Pendant une partie de la journée, la petite troupe foula un sable composé de débris de coquilles bivalves, d’os de seiche, et mélangé dans une grande proportion de peroxyde et de protoxyde de fer. Un aimant approché du sol, se fût instantanément revêtu de cristaux brillants.

Sur le rivage caressé par la marée montante s’ébattaient quelques animaux marins, peu soucieux de s’enfuir. Les phoques, avec leurs têtes arrondies, leur front large et recourbé, leurs yeux expressifs, présentaient une physionomie douce et même affectueuse. On comprenait que la fable, poétisant à sa manière ces curieux habitants des flots, en eût fait d’enchanteresses sirènes, quoique leur voix ne fût qu’un grognement peu harmonieux. Ces animaux, nombreux sur les côtes de la Nouvelle-Zélande, sont l’objet d’un commerce actif. On les pêche pour leur huile et leur fourrure.

Entre eux se faisaient remarquer trois ou quatre éléphants marins, d’un gris bleuâtre, et longs de vingt-cinq à trente pieds. Ces énormes amphibies, paresseusement étendus sur d’épais lits de laminaires géantes, dressaient leur trompe érectile et agitaient d’une grimaçante façon les soies rudes de leurs moustaches longues et tordues, de vrais tire-bouchons frisés comme la barbe d’un dandy. Robert s’amusait à contempler ce monde intéressant, quand il s’écria très-surpris :

« Tiens ! ces phoques qui mangent des cailloux ! »

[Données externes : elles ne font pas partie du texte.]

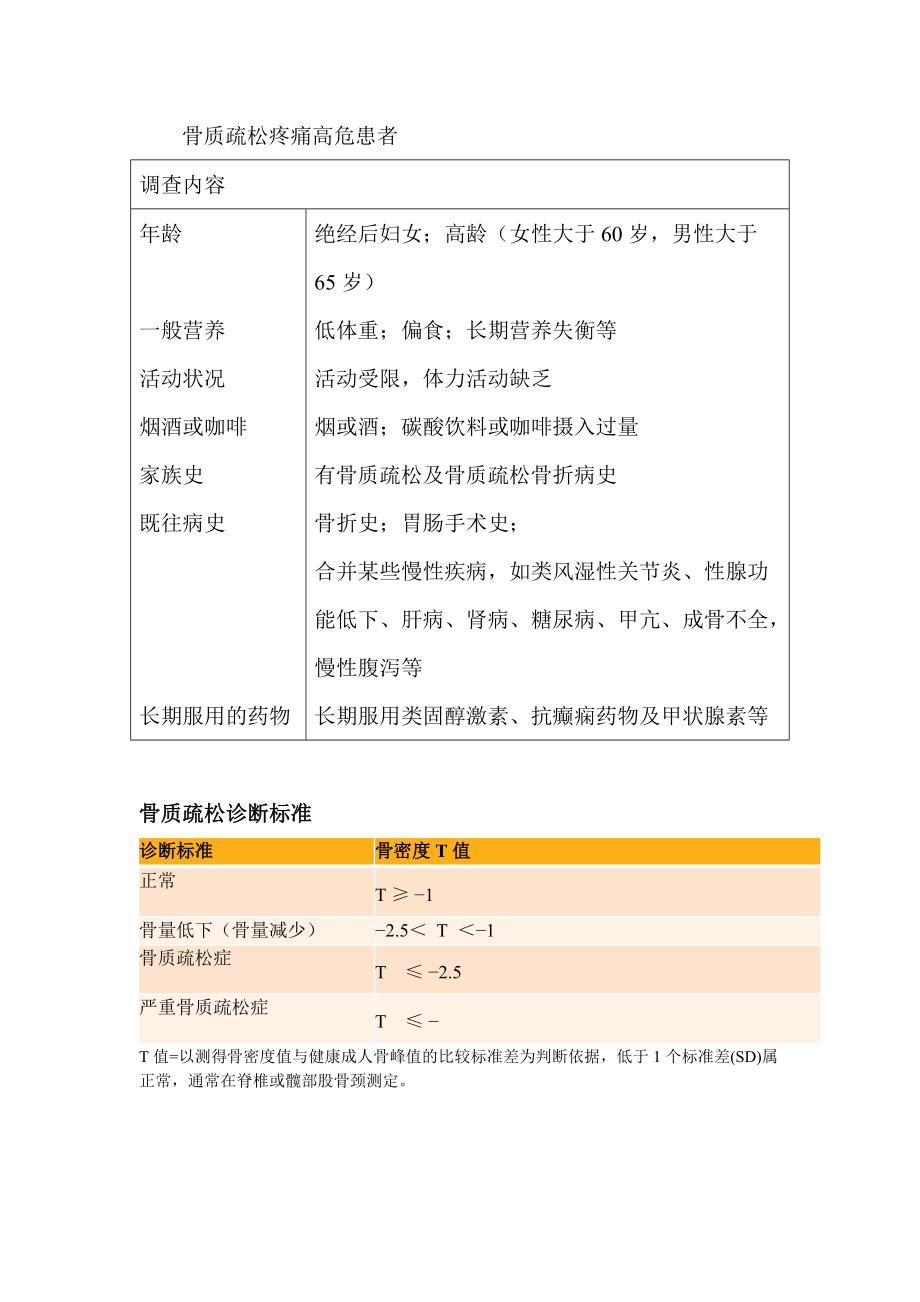 骨质疏松疼痛及骨质疏松骨折引起的相关疼痛.doc_第2页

Et, en effet, plusieurs de ces animaux avalaient les pierres du rivage avec une avidité gloutonne.

« Parbleu ! le fait est certain ! répliqua Paganel. On ne peut nier que ces animaux ne paissent les galets du rivage.

— Une singulière nourriture, dit Robert, et d’une digestion difficile !

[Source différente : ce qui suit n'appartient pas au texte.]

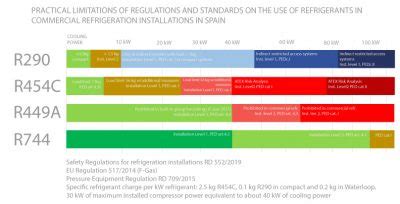 New restriction of the F-Gas regulation - INTARCON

— Ce n’est pas pour se nourrir, mon garçon, mais pour se lester, que ces amphibies avalent des pierres. C’est un moyen d’augmenter leur pesanteur spécifique et d’aller facilement au fond de l’eau. Une fois revenus à terre, ils rendront ces pierres sans plus de cérémonies. Tu vas voir ceux-ci plonger sous les flots. »

Bientôt, en effet, une demi-douzaine de phoques, suffisamment lestés, se traînèrent pesamment le long du rivage et disparurent sous le liquide élément. Mais Glenarvan ne pouvait perdre un temps précieux à guetter leur retour pour observer l’opération du délestage, et, au grand regret de Paganel, la marche interrompue fut reprise.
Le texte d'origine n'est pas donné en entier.